──────── RECORDS SUPPLIED
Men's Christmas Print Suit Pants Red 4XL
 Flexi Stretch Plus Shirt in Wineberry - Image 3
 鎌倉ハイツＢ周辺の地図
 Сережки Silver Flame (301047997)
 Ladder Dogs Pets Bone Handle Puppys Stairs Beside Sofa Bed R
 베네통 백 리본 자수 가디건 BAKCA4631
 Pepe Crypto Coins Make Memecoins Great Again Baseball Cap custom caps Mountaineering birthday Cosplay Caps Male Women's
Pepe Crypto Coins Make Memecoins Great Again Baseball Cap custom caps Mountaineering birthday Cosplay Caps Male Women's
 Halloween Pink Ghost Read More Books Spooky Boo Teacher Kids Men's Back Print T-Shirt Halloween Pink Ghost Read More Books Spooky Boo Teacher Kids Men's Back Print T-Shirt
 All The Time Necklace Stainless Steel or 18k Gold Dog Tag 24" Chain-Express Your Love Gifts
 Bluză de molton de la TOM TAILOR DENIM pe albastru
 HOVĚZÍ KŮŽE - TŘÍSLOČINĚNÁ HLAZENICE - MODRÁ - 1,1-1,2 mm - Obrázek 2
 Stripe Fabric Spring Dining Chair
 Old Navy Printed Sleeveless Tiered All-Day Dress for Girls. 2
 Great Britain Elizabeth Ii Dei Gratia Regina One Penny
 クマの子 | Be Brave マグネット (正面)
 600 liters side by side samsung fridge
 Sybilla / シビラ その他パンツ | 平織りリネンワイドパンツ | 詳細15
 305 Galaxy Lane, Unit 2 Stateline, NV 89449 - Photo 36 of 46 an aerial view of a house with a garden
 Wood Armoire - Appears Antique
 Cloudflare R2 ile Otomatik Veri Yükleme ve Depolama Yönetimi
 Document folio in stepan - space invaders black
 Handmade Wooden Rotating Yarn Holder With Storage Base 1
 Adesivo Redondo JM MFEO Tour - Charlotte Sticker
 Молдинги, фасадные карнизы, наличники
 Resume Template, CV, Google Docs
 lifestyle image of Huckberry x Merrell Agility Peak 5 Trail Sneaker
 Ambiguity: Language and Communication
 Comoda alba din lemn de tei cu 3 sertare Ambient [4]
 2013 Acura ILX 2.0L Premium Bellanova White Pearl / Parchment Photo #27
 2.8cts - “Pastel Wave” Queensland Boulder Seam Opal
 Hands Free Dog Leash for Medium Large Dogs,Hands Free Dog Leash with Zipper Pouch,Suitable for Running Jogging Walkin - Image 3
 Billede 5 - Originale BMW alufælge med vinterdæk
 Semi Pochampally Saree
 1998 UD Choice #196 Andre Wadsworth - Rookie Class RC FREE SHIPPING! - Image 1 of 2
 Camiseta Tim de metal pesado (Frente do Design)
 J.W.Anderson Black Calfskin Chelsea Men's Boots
────────────────
▸ WORK TO COMPLETE: Give again exactly, and only, the lines above starting at the one with "HOVĚZÍ KŮŽE - TŘÍSLOČINĚNÁ" and ending at the one with "Hands Free Dog Leash for".

▸ SOLUTION TO THIS PROBLEM:
 HOVĚZÍ KŮŽE - TŘÍSLOČINĚNÁ HLAZENICE - MODRÁ - 1,1-1,2 mm - Obrázek 2
 Stripe Fabric Spring Dining Chair
 Old Navy Printed Sleeveless Tiered All-Day Dress for Girls. 2
 Great Britain Elizabeth Ii Dei Gratia Regina One Penny
 クマの子 | Be Brave マグネット (正面)
 600 liters side by side samsung fridge
 Sybilla / シビラ その他パンツ | 平織りリネンワイドパンツ | 詳細15
 305 Galaxy Lane, Unit 2 Stateline, NV 89449 - Photo 36 of 46 an aerial view of a house with a garden
 Wood Armoire - Appears Antique
 Cloudflare R2 ile Otomatik Veri Yükleme ve Depolama Yönetimi
 Document folio in stepan - space invaders black
 Handmade Wooden Rotating Yarn Holder With Storage Base 1
 Adesivo Redondo JM MFEO Tour - Charlotte Sticker
 Молдинги, фасадные карнизы, наличники
 Resume Template, CV, Google Docs
 lifestyle image of Huckberry x Merrell Agility Peak 5 Trail Sneaker
 Ambiguity: Language and Communication
 Comoda alba din lemn de tei cu 3 sertare Ambient [4]
 2013 Acura ILX 2.0L Premium Bellanova White Pearl / Parchment Photo #27
 2.8cts - “Pastel Wave” Queensland Boulder Seam Opal
 Hands Free Dog Leash for Medium Large Dogs,Hands Free Dog Leash with Zipper Pouch,Suitable for Running Jogging Walkin - Image 3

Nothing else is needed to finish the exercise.